-- Activity --
A stretch of the entries below is to be set down exactly, running from the line with "Ford Fiesta MK2" through the line with "Green Onyx and White Onyx Arc Stone Mosaic 28 Green", both included, and no other line.

━━ Extracted data ━━

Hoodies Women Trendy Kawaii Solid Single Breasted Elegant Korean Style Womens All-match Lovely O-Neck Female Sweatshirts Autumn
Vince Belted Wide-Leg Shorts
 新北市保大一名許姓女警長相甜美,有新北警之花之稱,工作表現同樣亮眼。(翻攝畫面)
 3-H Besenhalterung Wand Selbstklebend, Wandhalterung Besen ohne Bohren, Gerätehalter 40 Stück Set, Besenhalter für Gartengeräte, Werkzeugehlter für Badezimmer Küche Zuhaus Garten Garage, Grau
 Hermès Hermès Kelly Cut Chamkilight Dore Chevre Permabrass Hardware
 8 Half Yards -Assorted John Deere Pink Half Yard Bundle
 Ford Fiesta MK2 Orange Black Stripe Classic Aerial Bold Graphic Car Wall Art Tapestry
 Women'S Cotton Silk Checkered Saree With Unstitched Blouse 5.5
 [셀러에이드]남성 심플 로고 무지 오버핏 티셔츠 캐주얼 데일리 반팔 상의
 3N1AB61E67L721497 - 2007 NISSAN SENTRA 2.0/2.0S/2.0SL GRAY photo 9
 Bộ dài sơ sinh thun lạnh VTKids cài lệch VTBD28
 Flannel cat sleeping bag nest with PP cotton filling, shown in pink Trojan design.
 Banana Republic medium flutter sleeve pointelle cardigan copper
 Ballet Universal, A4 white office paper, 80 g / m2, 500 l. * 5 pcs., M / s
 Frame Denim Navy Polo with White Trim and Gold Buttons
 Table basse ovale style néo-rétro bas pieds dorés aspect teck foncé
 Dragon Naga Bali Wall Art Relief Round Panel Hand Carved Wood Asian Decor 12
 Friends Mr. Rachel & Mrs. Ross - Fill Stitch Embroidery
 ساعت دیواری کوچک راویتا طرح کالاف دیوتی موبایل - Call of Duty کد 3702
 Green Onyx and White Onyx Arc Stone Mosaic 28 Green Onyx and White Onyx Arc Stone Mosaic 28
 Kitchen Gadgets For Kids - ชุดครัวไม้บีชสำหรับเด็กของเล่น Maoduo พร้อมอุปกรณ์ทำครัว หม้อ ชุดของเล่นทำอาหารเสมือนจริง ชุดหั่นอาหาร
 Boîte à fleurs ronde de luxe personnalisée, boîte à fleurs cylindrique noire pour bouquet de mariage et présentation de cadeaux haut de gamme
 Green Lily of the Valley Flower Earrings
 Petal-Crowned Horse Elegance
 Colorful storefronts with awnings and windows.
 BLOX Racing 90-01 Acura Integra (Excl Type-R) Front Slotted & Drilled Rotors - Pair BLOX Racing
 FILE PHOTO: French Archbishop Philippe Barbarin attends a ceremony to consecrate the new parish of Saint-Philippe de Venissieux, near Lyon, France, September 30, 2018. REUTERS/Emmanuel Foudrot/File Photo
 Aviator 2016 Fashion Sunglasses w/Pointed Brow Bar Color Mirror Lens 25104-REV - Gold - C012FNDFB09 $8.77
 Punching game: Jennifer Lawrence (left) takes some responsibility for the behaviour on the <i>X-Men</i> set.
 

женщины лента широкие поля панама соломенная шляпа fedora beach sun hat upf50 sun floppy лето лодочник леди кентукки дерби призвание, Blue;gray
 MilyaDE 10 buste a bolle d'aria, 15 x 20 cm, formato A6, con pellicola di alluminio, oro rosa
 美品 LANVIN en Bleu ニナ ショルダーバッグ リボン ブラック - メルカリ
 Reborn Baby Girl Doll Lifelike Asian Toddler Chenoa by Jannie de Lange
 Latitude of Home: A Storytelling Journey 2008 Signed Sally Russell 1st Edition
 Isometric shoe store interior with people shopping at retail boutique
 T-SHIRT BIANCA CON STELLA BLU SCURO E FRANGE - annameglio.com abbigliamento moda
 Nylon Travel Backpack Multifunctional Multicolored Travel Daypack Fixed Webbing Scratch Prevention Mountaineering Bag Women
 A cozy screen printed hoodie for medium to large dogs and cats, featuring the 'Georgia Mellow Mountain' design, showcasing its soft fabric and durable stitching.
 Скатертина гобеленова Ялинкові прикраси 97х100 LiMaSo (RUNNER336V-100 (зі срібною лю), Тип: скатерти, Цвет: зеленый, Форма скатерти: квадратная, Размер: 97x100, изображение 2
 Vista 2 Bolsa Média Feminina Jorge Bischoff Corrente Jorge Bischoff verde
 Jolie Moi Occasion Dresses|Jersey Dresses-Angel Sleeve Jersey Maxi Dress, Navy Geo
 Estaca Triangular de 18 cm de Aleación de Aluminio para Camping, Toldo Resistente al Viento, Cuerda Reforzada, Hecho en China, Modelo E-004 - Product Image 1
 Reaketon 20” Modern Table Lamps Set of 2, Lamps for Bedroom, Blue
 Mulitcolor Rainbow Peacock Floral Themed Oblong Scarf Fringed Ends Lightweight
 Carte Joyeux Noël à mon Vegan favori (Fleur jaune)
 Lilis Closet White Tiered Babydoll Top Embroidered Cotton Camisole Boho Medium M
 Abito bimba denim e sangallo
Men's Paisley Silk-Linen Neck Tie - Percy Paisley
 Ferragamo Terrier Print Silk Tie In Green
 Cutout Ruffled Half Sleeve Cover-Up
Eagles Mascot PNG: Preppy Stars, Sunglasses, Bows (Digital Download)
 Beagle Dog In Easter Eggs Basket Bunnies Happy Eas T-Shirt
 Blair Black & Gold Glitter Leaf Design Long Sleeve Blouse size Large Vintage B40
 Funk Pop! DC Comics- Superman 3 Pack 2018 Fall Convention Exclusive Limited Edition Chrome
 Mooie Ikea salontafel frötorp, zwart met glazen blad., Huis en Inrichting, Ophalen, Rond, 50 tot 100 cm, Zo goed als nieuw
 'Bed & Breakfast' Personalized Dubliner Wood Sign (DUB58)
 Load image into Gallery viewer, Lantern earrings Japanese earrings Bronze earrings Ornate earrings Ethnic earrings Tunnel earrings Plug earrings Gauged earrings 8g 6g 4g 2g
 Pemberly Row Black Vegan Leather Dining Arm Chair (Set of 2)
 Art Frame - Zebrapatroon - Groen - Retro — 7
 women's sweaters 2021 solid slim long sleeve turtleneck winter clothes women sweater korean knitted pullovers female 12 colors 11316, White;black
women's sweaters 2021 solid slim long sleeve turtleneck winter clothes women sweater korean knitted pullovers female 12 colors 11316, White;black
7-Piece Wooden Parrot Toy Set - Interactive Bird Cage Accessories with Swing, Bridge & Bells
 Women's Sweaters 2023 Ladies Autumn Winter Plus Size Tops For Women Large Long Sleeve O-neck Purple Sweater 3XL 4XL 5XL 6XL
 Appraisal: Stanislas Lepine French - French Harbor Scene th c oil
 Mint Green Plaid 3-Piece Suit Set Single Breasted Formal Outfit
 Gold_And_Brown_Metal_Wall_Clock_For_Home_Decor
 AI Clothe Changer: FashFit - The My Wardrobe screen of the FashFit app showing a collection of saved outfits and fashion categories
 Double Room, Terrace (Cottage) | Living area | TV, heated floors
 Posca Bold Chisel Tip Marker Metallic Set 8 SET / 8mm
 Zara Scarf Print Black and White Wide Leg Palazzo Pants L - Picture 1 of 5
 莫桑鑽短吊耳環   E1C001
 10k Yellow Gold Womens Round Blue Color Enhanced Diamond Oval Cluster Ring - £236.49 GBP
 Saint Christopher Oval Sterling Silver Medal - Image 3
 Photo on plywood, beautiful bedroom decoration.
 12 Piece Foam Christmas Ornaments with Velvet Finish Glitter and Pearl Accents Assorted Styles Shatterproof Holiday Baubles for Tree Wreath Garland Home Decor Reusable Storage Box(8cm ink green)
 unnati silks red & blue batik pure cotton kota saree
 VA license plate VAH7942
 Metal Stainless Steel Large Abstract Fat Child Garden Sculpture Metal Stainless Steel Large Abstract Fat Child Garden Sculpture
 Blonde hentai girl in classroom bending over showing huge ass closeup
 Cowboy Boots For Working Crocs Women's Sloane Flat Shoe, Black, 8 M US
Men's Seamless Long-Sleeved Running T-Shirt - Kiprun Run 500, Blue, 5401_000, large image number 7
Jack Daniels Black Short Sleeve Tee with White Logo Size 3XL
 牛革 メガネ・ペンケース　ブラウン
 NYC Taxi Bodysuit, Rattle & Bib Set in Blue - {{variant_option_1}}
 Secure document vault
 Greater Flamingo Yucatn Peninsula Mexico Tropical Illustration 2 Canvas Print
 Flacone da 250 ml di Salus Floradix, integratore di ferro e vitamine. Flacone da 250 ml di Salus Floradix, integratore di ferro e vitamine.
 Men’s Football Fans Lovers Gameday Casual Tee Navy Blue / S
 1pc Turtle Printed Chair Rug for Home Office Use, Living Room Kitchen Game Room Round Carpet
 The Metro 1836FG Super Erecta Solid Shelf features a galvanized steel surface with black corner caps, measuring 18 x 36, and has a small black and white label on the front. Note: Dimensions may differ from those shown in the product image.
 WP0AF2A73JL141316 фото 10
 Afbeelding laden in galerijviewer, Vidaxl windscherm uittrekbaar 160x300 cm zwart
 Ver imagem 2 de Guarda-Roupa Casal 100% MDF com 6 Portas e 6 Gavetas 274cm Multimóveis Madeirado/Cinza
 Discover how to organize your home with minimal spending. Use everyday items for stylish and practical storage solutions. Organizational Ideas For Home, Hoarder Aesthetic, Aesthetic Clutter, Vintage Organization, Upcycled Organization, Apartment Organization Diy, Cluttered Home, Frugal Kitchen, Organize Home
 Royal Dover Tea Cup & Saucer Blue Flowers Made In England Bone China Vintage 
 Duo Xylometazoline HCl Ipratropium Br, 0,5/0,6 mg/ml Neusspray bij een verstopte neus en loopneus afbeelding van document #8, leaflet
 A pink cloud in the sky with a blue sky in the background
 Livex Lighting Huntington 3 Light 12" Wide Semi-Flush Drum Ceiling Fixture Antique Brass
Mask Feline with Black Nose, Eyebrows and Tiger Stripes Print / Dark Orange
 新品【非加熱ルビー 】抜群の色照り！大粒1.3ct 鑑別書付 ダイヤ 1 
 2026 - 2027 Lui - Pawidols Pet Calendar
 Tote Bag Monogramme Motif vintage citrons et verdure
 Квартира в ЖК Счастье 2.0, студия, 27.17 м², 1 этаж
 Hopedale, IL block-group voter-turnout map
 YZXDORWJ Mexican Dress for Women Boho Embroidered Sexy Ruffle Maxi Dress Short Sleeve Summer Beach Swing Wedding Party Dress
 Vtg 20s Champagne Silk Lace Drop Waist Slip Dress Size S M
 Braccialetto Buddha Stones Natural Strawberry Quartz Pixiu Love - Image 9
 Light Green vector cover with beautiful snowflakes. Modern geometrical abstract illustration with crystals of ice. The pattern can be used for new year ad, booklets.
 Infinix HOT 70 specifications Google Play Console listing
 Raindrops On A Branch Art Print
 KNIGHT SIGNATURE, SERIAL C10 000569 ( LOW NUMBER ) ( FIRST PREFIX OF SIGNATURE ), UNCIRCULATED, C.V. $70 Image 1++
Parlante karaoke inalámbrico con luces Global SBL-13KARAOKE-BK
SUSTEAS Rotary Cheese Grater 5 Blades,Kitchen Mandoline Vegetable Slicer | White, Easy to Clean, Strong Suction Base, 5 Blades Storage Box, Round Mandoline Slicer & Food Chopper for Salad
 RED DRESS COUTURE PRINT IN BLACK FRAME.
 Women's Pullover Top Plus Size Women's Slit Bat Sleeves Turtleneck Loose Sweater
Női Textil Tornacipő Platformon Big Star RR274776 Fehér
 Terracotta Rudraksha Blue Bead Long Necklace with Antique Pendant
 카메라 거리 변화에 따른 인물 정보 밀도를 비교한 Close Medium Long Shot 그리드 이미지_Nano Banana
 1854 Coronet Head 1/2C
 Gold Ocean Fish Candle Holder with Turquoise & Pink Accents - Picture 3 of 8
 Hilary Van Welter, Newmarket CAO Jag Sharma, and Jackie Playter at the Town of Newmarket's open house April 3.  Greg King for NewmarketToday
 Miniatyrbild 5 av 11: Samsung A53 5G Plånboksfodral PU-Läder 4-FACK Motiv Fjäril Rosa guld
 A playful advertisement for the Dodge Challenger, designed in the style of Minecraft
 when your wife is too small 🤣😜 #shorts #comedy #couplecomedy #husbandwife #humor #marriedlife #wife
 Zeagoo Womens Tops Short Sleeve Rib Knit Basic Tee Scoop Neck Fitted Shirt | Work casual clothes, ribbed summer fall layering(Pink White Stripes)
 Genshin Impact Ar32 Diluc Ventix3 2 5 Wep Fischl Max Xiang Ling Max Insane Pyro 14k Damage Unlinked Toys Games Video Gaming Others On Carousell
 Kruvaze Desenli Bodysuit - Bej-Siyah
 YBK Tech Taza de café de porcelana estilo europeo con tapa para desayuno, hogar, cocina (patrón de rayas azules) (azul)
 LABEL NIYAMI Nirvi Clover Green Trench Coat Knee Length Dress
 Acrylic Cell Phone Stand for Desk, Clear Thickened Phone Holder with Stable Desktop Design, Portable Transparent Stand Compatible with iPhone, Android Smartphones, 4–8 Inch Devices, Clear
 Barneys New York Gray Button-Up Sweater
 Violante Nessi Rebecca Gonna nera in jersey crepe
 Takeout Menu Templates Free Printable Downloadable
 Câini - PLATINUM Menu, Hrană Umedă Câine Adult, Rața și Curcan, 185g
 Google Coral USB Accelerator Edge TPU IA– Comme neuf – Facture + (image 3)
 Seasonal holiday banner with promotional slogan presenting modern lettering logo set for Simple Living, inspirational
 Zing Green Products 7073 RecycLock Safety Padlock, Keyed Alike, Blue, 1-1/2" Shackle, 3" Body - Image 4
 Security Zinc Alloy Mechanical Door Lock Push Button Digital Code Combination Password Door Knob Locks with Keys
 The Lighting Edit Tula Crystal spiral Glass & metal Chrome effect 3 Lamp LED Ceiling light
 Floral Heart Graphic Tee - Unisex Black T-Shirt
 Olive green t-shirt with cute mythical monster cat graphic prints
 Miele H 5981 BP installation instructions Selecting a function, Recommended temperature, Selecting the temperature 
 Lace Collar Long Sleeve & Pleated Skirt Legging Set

━━━

-- The completed task --
 Ford Fiesta MK2 Orange Black Stripe Classic Aerial Bold Graphic Car Wall Art Tapestry
 Women'S Cotton Silk Checkered Saree With Unstitched Blouse 5.5
 [셀러에이드]남성 심플 로고 무지 오버핏 티셔츠 캐주얼 데일리 반팔 상의
 3N1AB61E67L721497 - 2007 NISSAN SENTRA 2.0/2.0S/2.0SL GRAY photo 9
 Bộ dài sơ sinh thun lạnh VTKids cài lệch VTBD28
 Flannel cat sleeping bag nest with PP cotton filling, shown in pink Trojan design.
 Banana Republic medium flutter sleeve pointelle cardigan copper
 Ballet Universal, A4 white office paper, 80 g / m2, 500 l. * 5 pcs., M / s
 Frame Denim Navy Polo with White Trim and Gold Buttons
 Table basse ovale style néo-rétro bas pieds dorés aspect teck foncé
 Dragon Naga Bali Wall Art Relief Round Panel Hand Carved Wood Asian Decor 12
 Friends Mr. Rachel & Mrs. Ross - Fill Stitch Embroidery
 ساعت دیواری کوچک راویتا طرح کالاف دیوتی موبایل - Call of Duty کد 3702
 Green Onyx and White Onyx Arc Stone Mosaic 28 Green Onyx and White Onyx Arc Stone Mosaic 28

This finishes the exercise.